Dados de desmatamento serão torturados até falarem o que Bolsonaro quer
Diante dos índices pornográficos de desmatamento na Amazônia no ano de 2019, Jair Bolsonaro e seus ministros Ricardo Salles (Meio Ambiente), Augusto Heleno (Segurança Institucional) e Ernesto Araújo (Relações Exteriores) convocaram uma entrevista coletiva na qual apresentaram uma mentira, uma fraude e uma falsa solução para o problema.
A mentira ficou por conta do presidente. Bolsonaro voltou a sugerir que o Instituto Nacional de Pesquisas Espaciais e seu diretor, Ricardo Galvão, divulgaram os dados de desmatamento do sistema Deter-B à imprensa por má fé, numa tentativa deliberada de minar a reputação do Brasil e do governo. Isso é falso: o Inpe não “divulgou” os dados; eles estão disponíveis diariamente na internet na plataforma TerraBrasilis, que desde o fim de 2018 mantém os sistemas Deter e Prodes numa interface amigável. O que ocorreu foi que o desmatamento virou notícia porque ele disparou desde maio.
A fraude veio pelas mãos do ministro do Meio Ambiente. Ricardo Salles tentou desqualificar o Deter apresentando uma análise de seus dados feita com observações selecionadas a dedo – o Inpe afirmou que não teve acesso prévio ao estudo. As discrepâncias apontadas por Salles são normais dentro do Deter. O que importa é que os desmatamentos apontados pelo sistema do Inpe de fato aconteceram e seu ritmo de fato aumentou. Uma análise honesta demandaria uma série de dados ano a ano e mês a mês com imagens da empresa Planet, usadas por Salles em seu estudo, o que não existe.

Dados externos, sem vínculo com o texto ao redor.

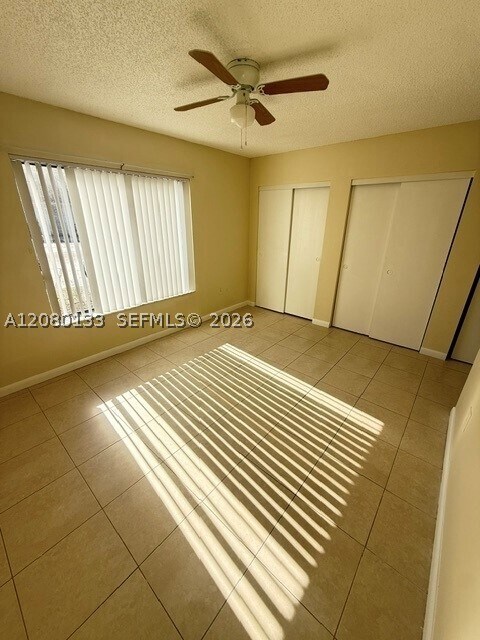 Building Photo - 3218 Coral Lake Dr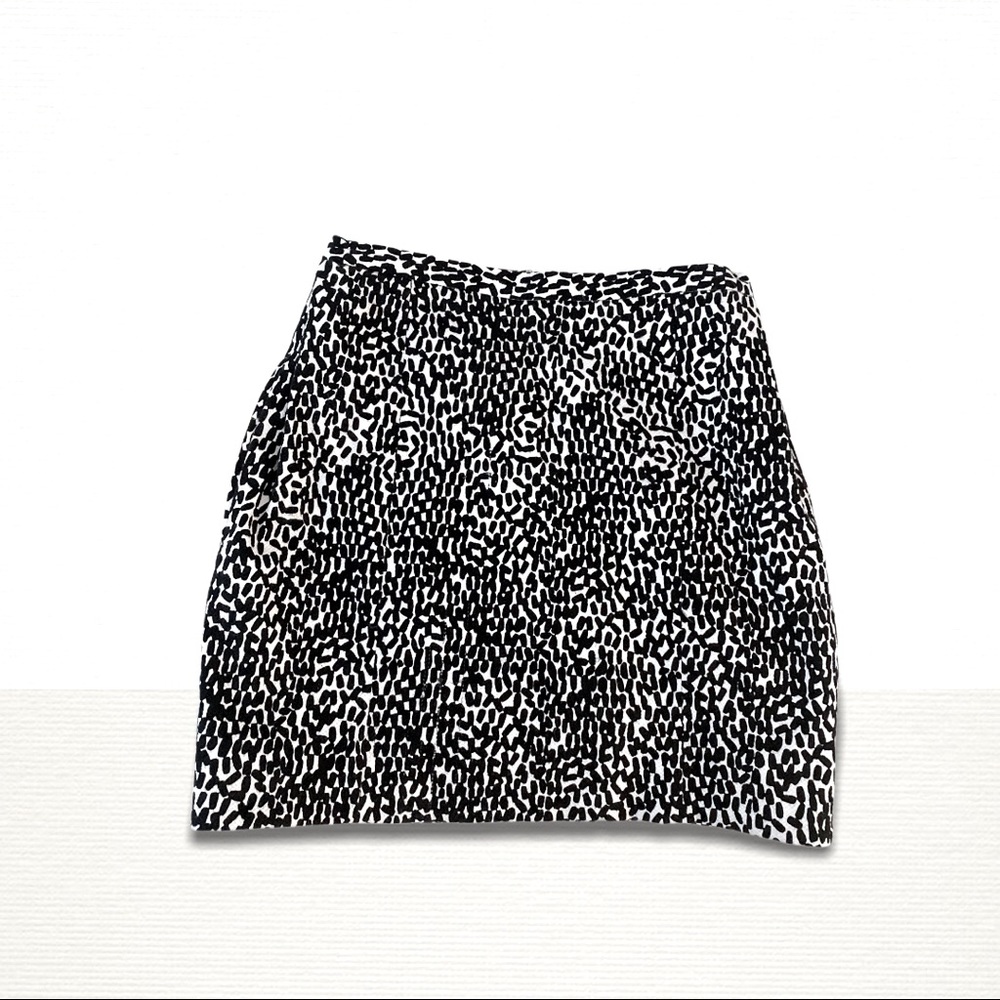 DVF black and white mini skirt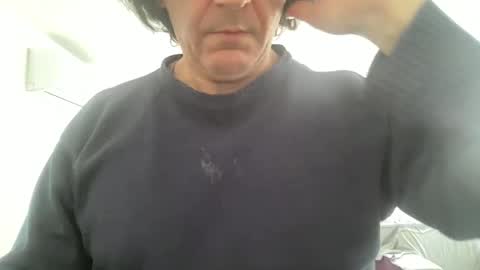 Snapshot of alphandre chatting on 02/02/25, 09:30 AlphAndre online show from 02/02/25, 09:30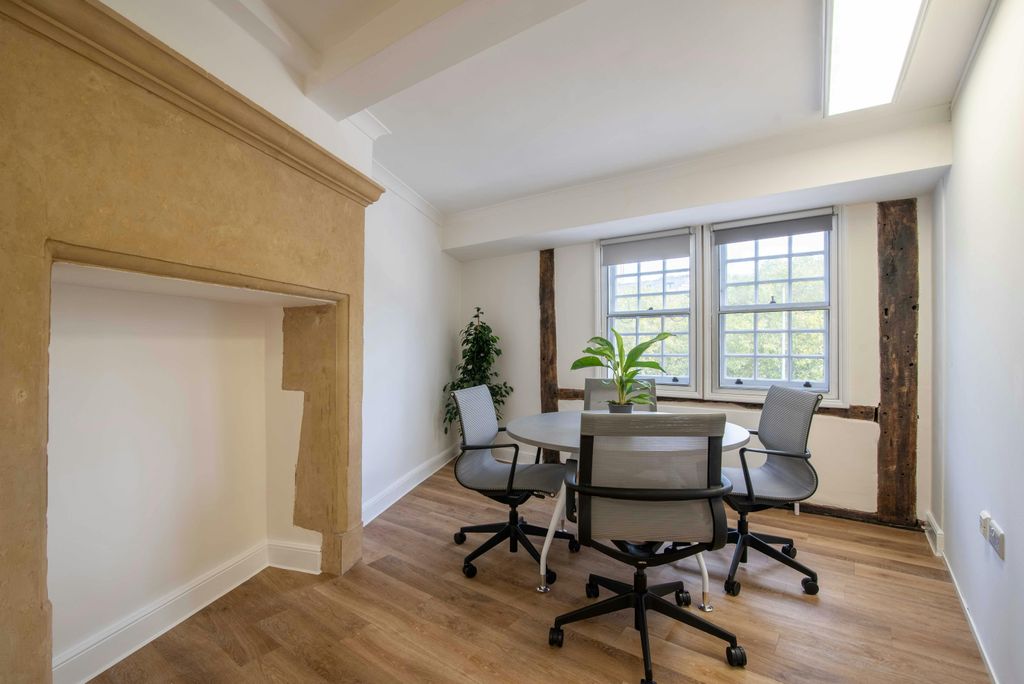Property photo 3 of 5 Bristol Office30.Jpg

A falsa solução proposta por Salles e Bolsonaro é contratar, com dinheiro público, um novo sistema que use imagens Planet para dar “informações mais detalhadas”. Se o objetivo é produzir uma contestação do Inpe, não vai dar certo – o Deter é apenas um de quatro sistemas que monitoram a Amazônia em tempo real, e todos eles apontam a mesma tendência de alta explosiva em 2019.
O Deter é um sistema de excelência produzido por um órgão público de excelência, e foi um dos responsáveis pela redução de 70% na taxa de desmatamento observada entre 2004 e 2012. Tentativas de desqualificá-lo e de reduzir a transparência no monitoramento florestal do Brasil só trarão mais prejuízo à imagem do país. Se o propósito é municiar o Ibama, o governo prevarica: afinal, não é por falta de satélites que o desmatamento está subindo. O desmatamento sobe porque Salles e Bolsonaro “meteram a foice no Ibama”, reduziram o número de operações de fiscalização e de multas e preferem confraternizar com madeireiros e estimular garimpeiros a agir com base nos alertas do Deter.
Se Salles gastasse combatendo o crime ambiental metade da energia que gasta combatendo a ciência e os fatos, a crise do desmatamento não teria tomado a proporção que tomou. Vai trabalhar, ministro.